A Time of Forgiving: A Christmas Musical has four performances. The remaining performances are Tues., Dec. 18th at Mountain View High School in Orem, and then Fri. and Sat. evening Dec. 21-22 at Kingsbury Hall in Salt Lake City. Go to the website for ticket information.
Paul “Cactus Jack” LAMARR is a name like Crocodile Dundee. You just know there is a story there somewhere. There is, and instead of keeping it to himself, the talented musician, singer and writer who calls himself just a “dumb carpenter” from Australia has created a new Christmas musical that he hopes will become a tradition.
Called “A Time of Forgiving”, Cactus wrote the musical to teach that everyone is worth redemption, no matter who they are. He says it’s his life story and more. “A lot of the scenes are based on my life,” he said. “Some of the scenes I’ve changed to protect my family, but what I hope to do is share the danger of prejudgment. We’re all guilty of that in some shape or form.
“This play is also my opportunity to share my testimony, which I don’t often get the chance to do.” Cactus is a Latter-day Saint but with his shaggy hair and beard, to some he may not look the part.
The play begins on Christmas Eve. Joshua and Laura have been married 15 years, and this is a night that has been significant for them. They met on Christmas Eve; they have a daughter who was born on this night, and now 12 hours before the musical begins, they have separated and he is not coming back.
Laura has been able to handle life as long as everybody else thinks that things are perfect, and, indeed, Joshua has been a jerk. By the end of the first act, it seems to the audience that Joshua is not redeemable.
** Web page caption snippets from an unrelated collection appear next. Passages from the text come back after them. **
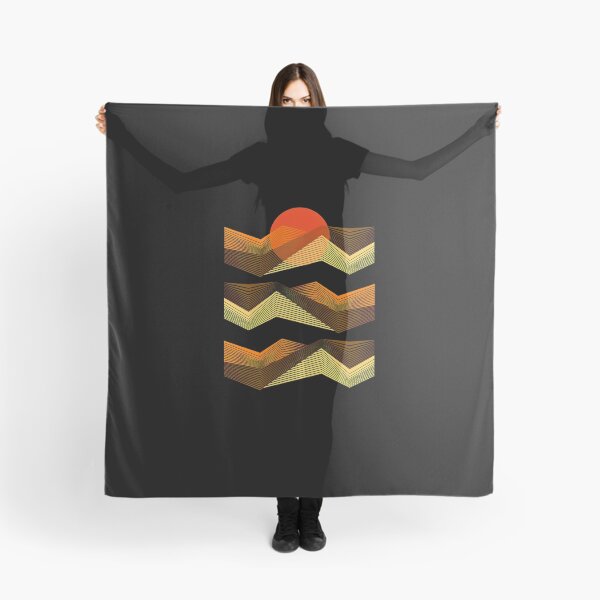 Item preview, Geometric Sunset Mountain Landscape Artwork designed and sold by fetzrolfs.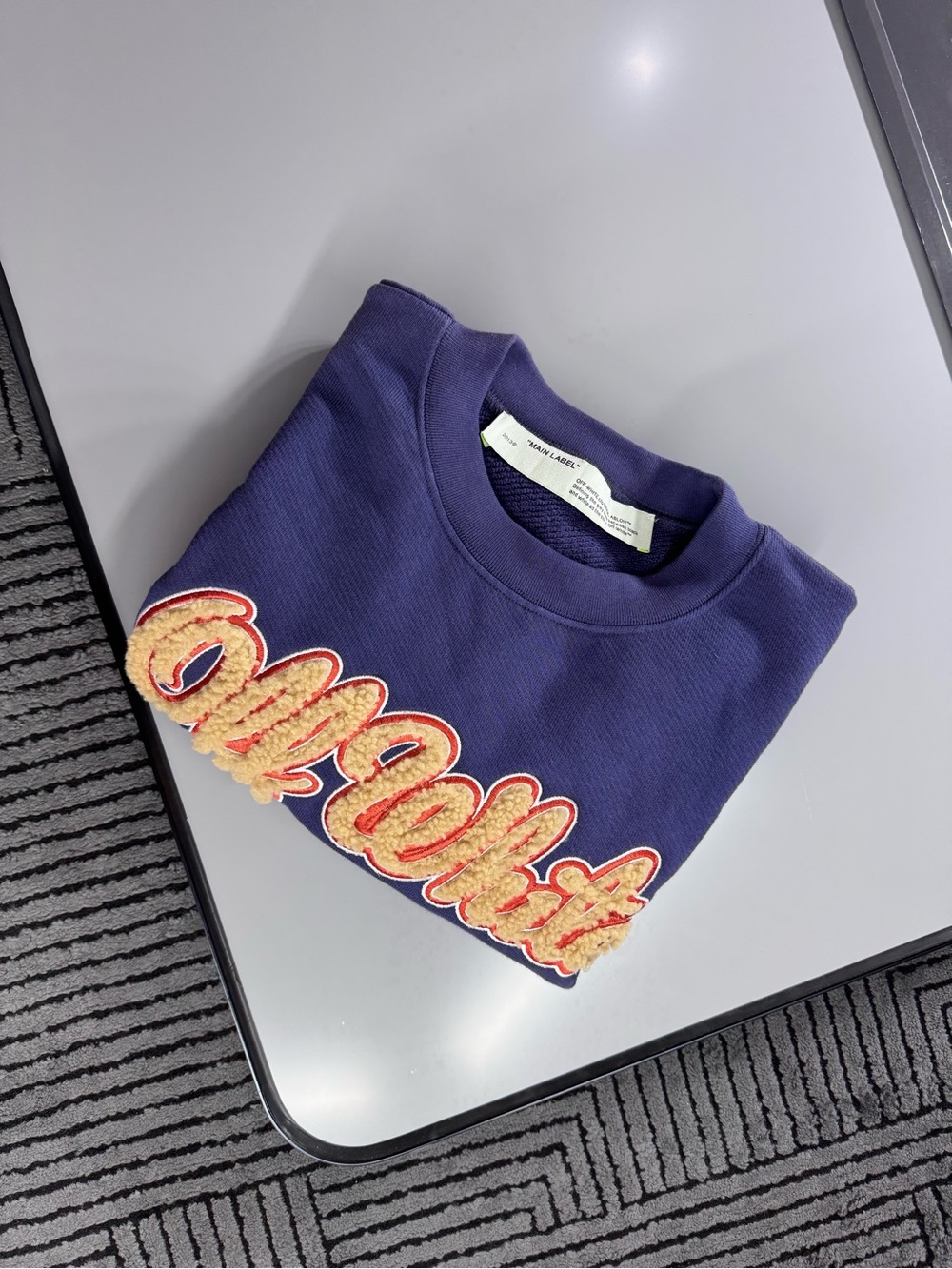 Off-White Purple Chenille Logo Cropped Crewneck Sweatshirt Women’s Medium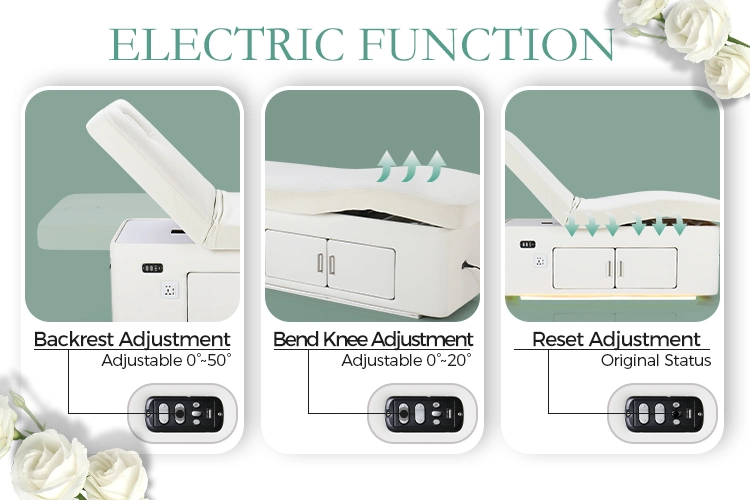 Thermal Massage Table Bed Electric SPA Beauty Bed Facial Bed Salon Equipment with Cabinet and Light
Cactus says, “Remorse is different than guilt. Guilt causes people to hide, blame, avoid and judge. Remorse is taking ownership of what you’ve done, accepting the fact that no matter what you do, you have no right expecting anything from anyone else that you’ve hurt.
He said, “There is integrity in saying, I’ve messed up.’ Remorse requires you to understand that you can’t fix this on your own, and that you need your Savior.”
Cactus tears up as he talks about the creation of his play. “It’s hard to relive this stuff,” he admits. Still, there is nothing down about this play. It’s got magic and travel to the past, and music that is both new takes on old Christmas favorites and originals. Here are a couple of samples:
– Hark the Herald Angels Sing
– Away in a Manger
He is originally from Utah, but he left in 1988 for Australia and didn’t come back until 2007, and for all intents and purposes he seems like an Aussie. Two years ago he had a life-changing moment when he decided he was going to sell everything he owned, come back to Utah and begin to do the thing he always wanted to do-to start his music career. He was self-taught in violin, piano, and guitar.
He hired a cabin in Park City where he could create a music studio with a grand piano, violin and guitar and began composing. Last year on Dec. 1, he visited Deseret Book with his own CD of Christmas songs. They told him it was much too late in the season for him to get into the system, so he said he walked to Temple Square, a place he likes to frequent for inspiration and solace.
Debbie Simmons, an executive there, called him while he was still there with a changed mind after she had listened to his work. “We’ll take 2,000 copies now,” she said. His album “That First Night: A Christmas Collection” jumped to number 1 on the Christmas list and by April he had delivered another CD called “A Carpenter’s Hymns”. He went on a 22-state tour
This gave him the boost to write his Christmas musical with the aim of making it a Christmas tradition. What he hopes is that the product is not the musical, but that life-changing moment in the audience’s seats when they feel the power of a character’s redemption.
Cactus says, “I’m 46 years old. Two years ago I made a change. If I can do it, you can do it.